El CIS tendría que patrocinar una encuesta para saber qué percepción tenemos de nuestros vecinos, de los países y territorios que nos rodean, en suma, de la geografía de la percepción geopolítica española. El resultado sería muy interesante. La geografía de la percepción de la sociedad española actual sitúa la costa de Argel y de Orán en lugares remotos, mucho más alejada de nosotros de lo que en realidad está. Seguro que quien lee hoy estas líneas ya sabe que Alicante está físicamente más cerca de Argel que de Madrid, pero que la percepción general la sitúa a años luz de nosotros… Sin embargo, la historia y la literatura nos muestran que no siempre fue así. Durante decenios –osaría decir que siglos–, Argelia fue percibida como la ‘costa d’afora’ de aquel mar mudable que es el Mediterráneo. Esta memorable definición no es mía. Aparece en la novela ‘Flor de mayo’, escrita en 1895 por el valenciano Vicent Blasco Ibáñez.
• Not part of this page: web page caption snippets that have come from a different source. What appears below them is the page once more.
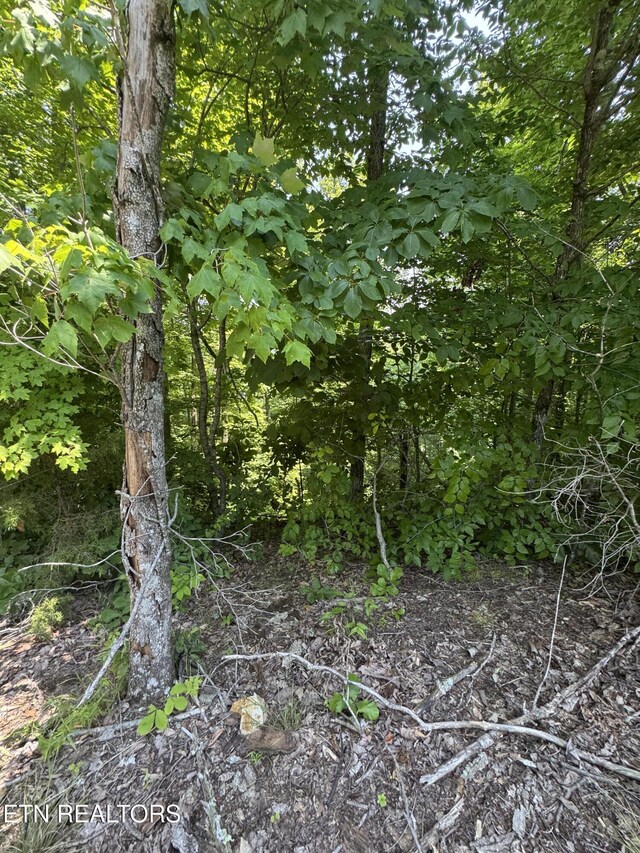 LOT44 Ridgeland Dr, Sharps Chapel, TN 37866 - photo 7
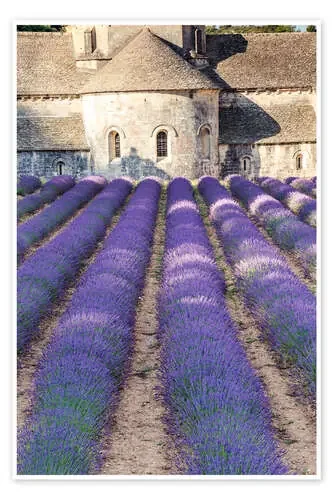 Lavender field and famous Senanque abbey in Provence, France de Matteo Colombo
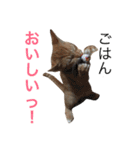 保護猫すたんぷ  3（個別スタンプ：25）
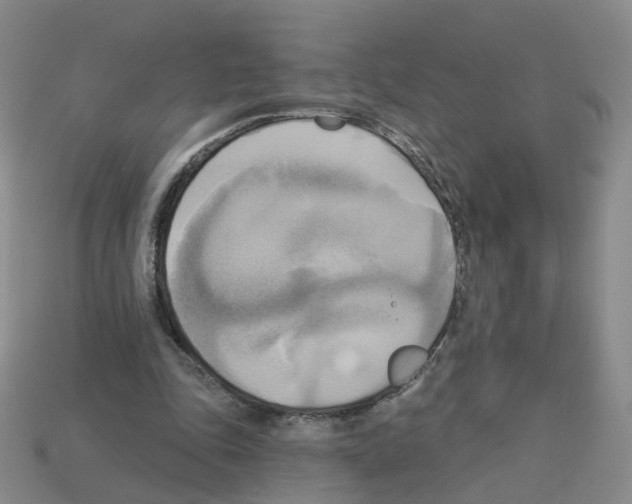 X0000112820343200910021207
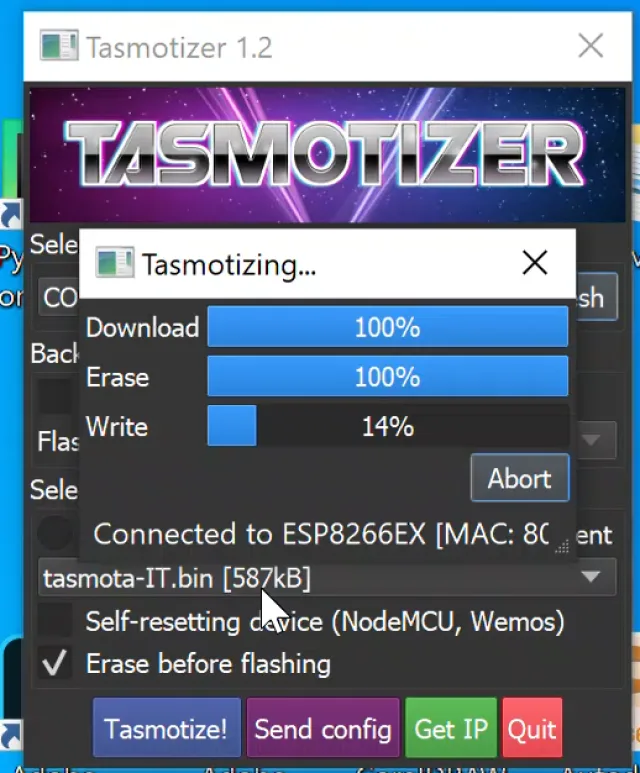 tasmotizer terza schermata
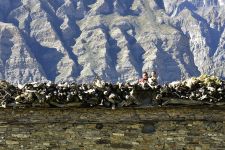 Nepal | Dolpo, 10.09. - 01.10.2016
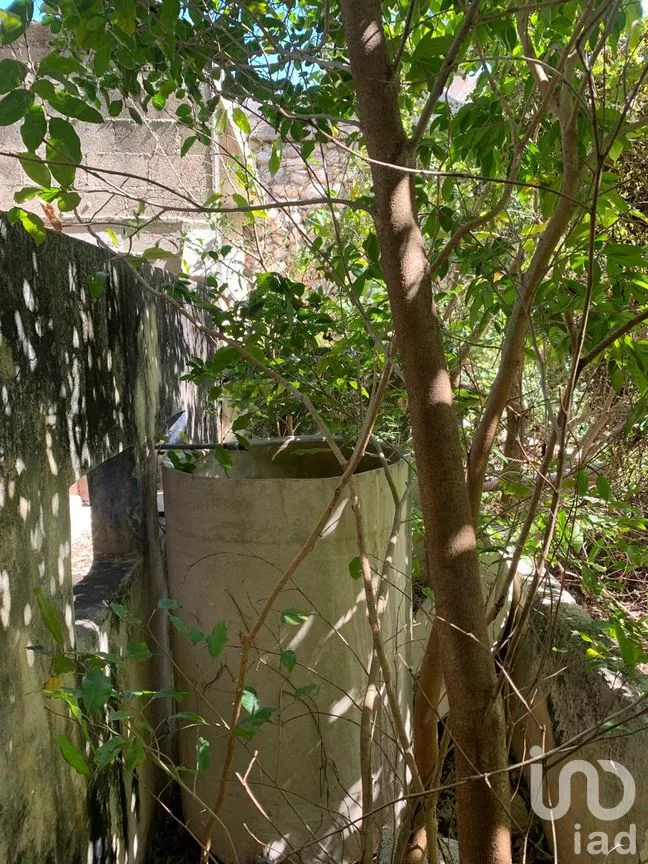 Casa en Venta en Mérida Centro, Mérida, Yucatán | NEX-60340 | iad México | Foto 11 de 13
‘Flor de mayo’ fue la segunda obra de cierta entidad de Blasco Ibáñez y había sido editada por capítulos en aquella fábrica de instrucción popular, de formación de opinión pública y de republicanismo áspero y tabernario que fue el diario El Pueblo. Como escribió Blasco en el prólogo de la novela, las vivencias que aparecen son tan reales como las jornadas que pasó a bordo de las barcas de pesca de los marineros del Cabanyal… Pero más allá del argumento que refleja la obra, la lectura de Flor de mayo nos conduce a una percepción de la geografía mediterránea muy diferente de la actual y nos permite ser conscientes del mapa mental que regía la vida de aquella sociedad mediterránea de finales del siglo XIX. Y nos muestra también que los mapas mentales no han sido siempre los mismos y que conocer sus cambios nos ayuda a enmarcar de manera más correcta nuestra realidad. Para muchos españoles de finales del siglo XIX y principios del XX, las playas de Orán y de Argel eran “la costa d’afora, como si se tratase de la acera de enfrente”, puntualiza Blasco, “la pared de enfrente de aquella casa azul y mudable que tantas veces cruzaban como pescadores”. En cambio, como reconoce uno de los protagonistas de la acción, Huelva aparecía como “tierra remota, que por su cuenta debía estar en los alrededores de Cuba o Filipinas”.

No es este un artículo contra el ministro Albares. El problema es mucho más antiguo y nace en el momento en que España decidió observar el Mediterráneo como una frontera y no como un espacio de relación con pueblos bañados por las mismas aguas. ¿Quién de nosotros podría decir hoy algo coherente sobre la ciudad de Argel, más allá de los conocimientos de algunos viajeros impenitentes? En cambio, miles de lectores y lectoras de Blasco, hace más de un siglo, no solo sabían situarla en un mapa, sino que conocían que, con rumbo SE desde el cabo de Sant Antoni y, dejando Eivissa a babor, se llegaba directamente después de tres días de navegación al cabo de la Mala Dona (posiblemente el actual cabo Caxine) y, en poco de tiempo, hacia el este, ya se veía el gran puerto y la ciudad blanca de Argel, escalonada montaña arriba…

La dislocación de nuestros mapas mentales es un fenómeno muy preocupante. Sabemos mucho más de Nueva York que de Orán, más de Berlín que de Argel. El conocimiento no preserva del conflicto, pero lo hace más inteligible y, por lo tanto, más fácil de gestionar. La política exterior de España sería otra si adoptara el lema de la novela de Vicent Blasco Ibáñez: Argelia, la ‘costa d’afora’ , la acera de enfrente de esa casa común que es –o tendría que ser– el Mediterráneo.